Panels will explore gas drilling impacts

County subcommittees will focus on roads, public safety, housing, environment, economy

Staff Reporter

A number of subcommittees will be formed over the next two weeks to study the impacts that gas drilling could have locally if the state allows hydraulic fracturing to proceed.
The county Agriculture, Planning and Environment Committee Thursday endorsed forming a steering committee which will select members to sit on five subcommittees that will analyze different areas that could be affected by the gas drilling industry.
Hydrofracking, the process of injecting large quantities of chemically-treated water into the shale deep underground to extract gas, is being reviewed by the state Department of Environmental Conservation. Until the review is complete, there is a de facto moratorium on the process statewide.
But the technology is expected to proceed and Cortland County lawmakers want to be prepared when it does.
Agriculture Planning and Environment Committee Chair Danny Ross (R-Cortlandville) spearheaded the idea of forming the natural gas drilling task force.
Committees will be formed to examine the public safety impacts, the ways roads and infrastructure could be affected by truck traffic, the potential need for more housing for gas company crews, and the environmental and economic impacts of the industry.
Ross said the committees should be up and running within two months. Each committee will consist of about eight people who have expertise in the areas their committee is exploring, he said. The committees will meet monthly and report their findings to the Agriculture, Planning and Environment Committee.
Steering committee members will be Legislators Jack Williams (D-8th Ward), Ross, Newell Willcox (R-Homer), Larry Cornell (R-Marathon and Lapeer), Jennifer Gofkowski (D-Homer), John Steger (R-Preble and Scott) and Ray Parker (D-2nd Ward).
According to Ross, the purpose of the natural gas drilling task force is to study all the impacts natural gas development could have on the county and help local governments make the best use of those opportunities.
For example, the subcommittee that will examine the impact to roads and infrastructure, will investigate what can be done beforehand, such as documenting existing conditions of roads that could in turn be used to show how much a road has been damaged by drilling activity, he said.

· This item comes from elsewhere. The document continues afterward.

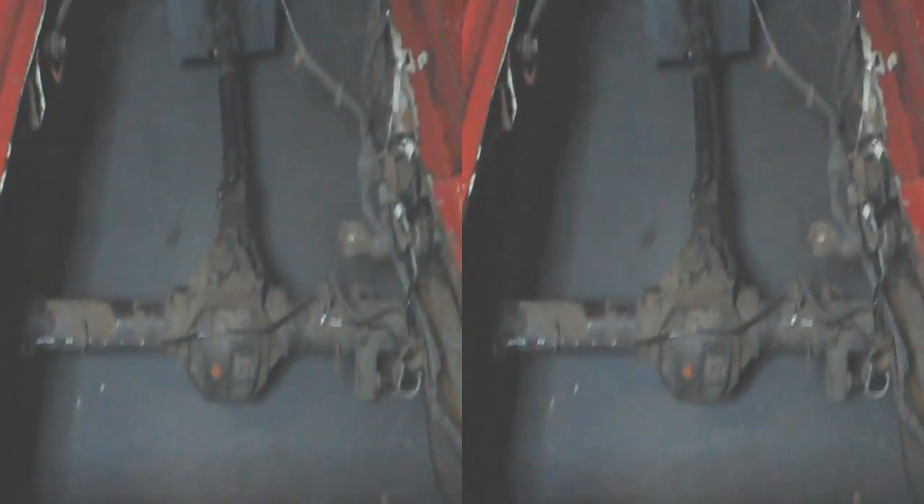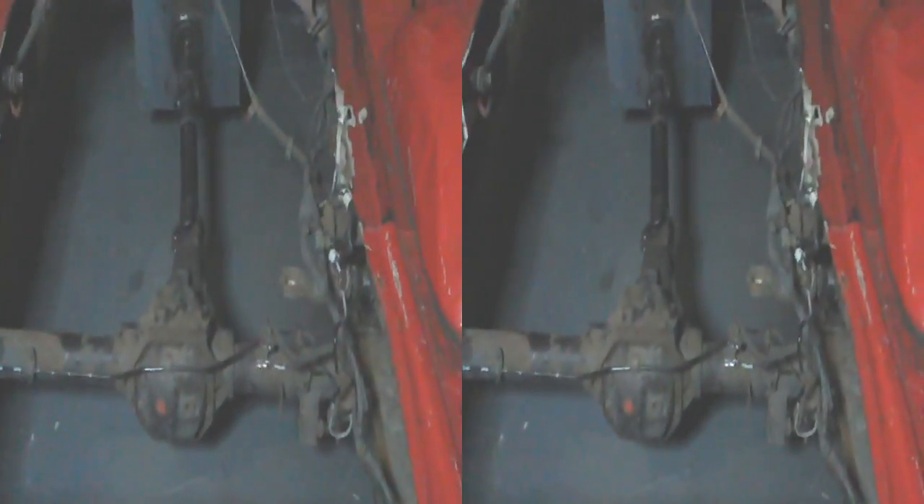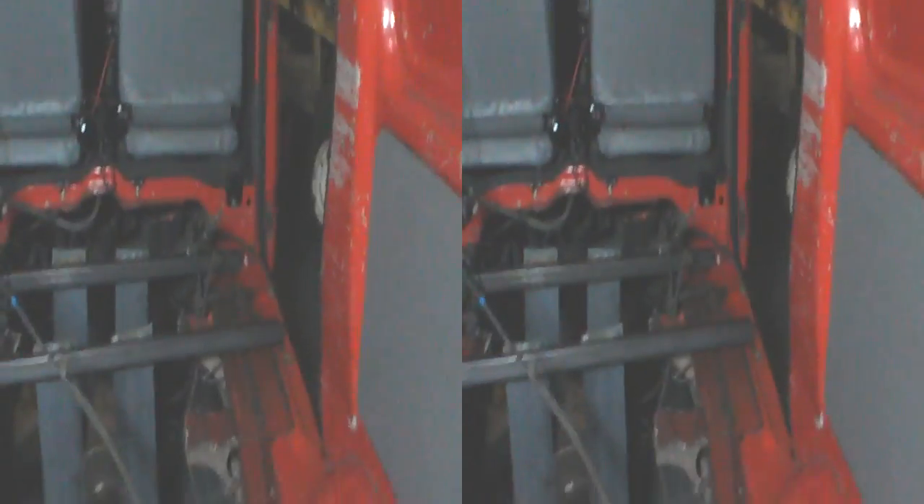I need to centralise it, because currently it's roughly central to the vehicle, but the prop shaft is at an angle. So if I actually move it across so that the prop shaft is lined up, then I can fasten it down — perhaps a couple of U-bolts across there, something like that. Should do the job.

The subcommittee that will examine the housing situation will research whether there is enough housing to accommodate the gas crews that will come into the community.

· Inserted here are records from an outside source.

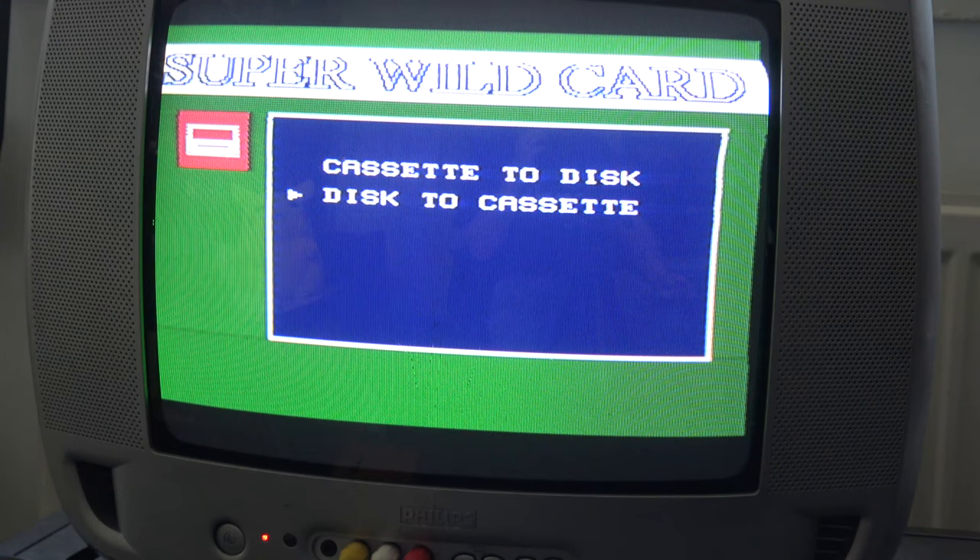Going into data transfer, we have two options: cassette to disk or disk to cassette. I believe cassette refers to cartridge in this context — I think Nintendo cartridges were actually referred to as cassettes on their packaging, so it's not technically wrong terminology.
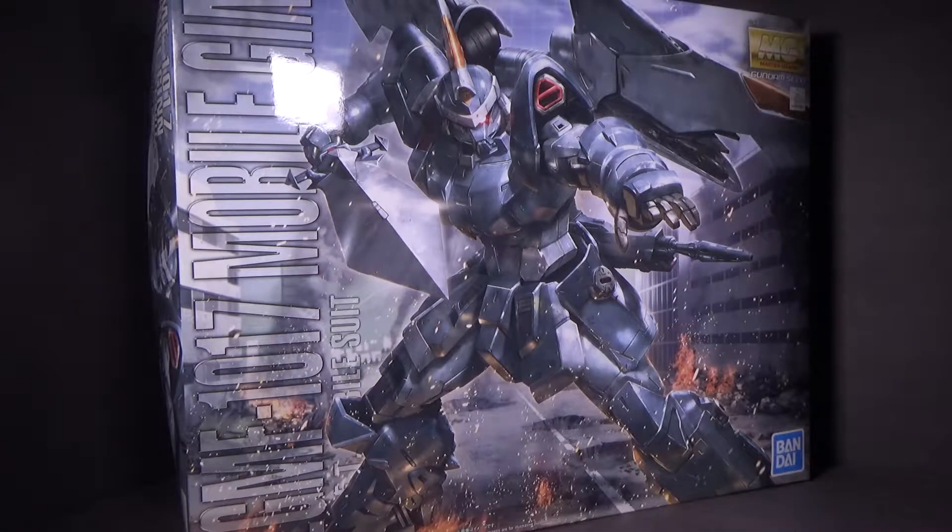Hello everybody, this is the unboxing of the 1/100 Master Grade Buster Gundam. I got the model kit from Canadian Gundam — link is in the description below.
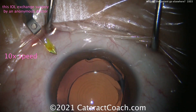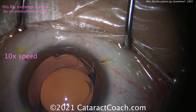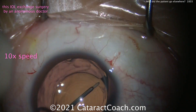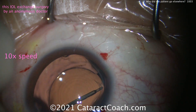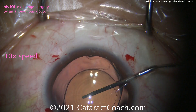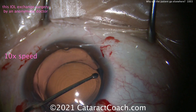Here's the IOL exchange surgery. It's interesting starting off with one, two, three, four paracentesis incisions — that's a lot of paracenteses, but that's okay. This surgeon has decided to take out this trifocal lens and replace it with a monofocal lens instead. Again, a reasonable approach.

The public safety committee will investigate how prepared emergency crews will be in the event of a spill and the environmental subcommittee could consist of geologists and scientists who can help the county understand the potential environmental impacts of gas drilling.
Ross said he will not have anyone with existing gas leases sit on the subcommittees.

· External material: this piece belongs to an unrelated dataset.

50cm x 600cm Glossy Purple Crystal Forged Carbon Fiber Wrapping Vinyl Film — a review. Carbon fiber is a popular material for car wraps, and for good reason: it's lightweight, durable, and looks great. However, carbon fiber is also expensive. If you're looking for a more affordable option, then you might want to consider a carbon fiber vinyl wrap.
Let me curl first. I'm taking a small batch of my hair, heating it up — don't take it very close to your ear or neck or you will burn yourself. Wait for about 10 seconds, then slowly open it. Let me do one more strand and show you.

Parker said he will look for members who are not biased in one direction or another.
“I’m going to be looking for someone who’s going to look at the pluses and minuses and try to find out if there’s some way any of the negatives can be taken care of and looked at in a positive nature,” Parker said.
Parker said he does not want the potential economic benefits to be ignored and also does not want the possible adverse environmental impacts to be discounted. He said he has someone in mind to recommend for the subcommittee because the person is a scientist with knowledge of the industry.
Parker would not say who the person was until he asked him if he wants to serve.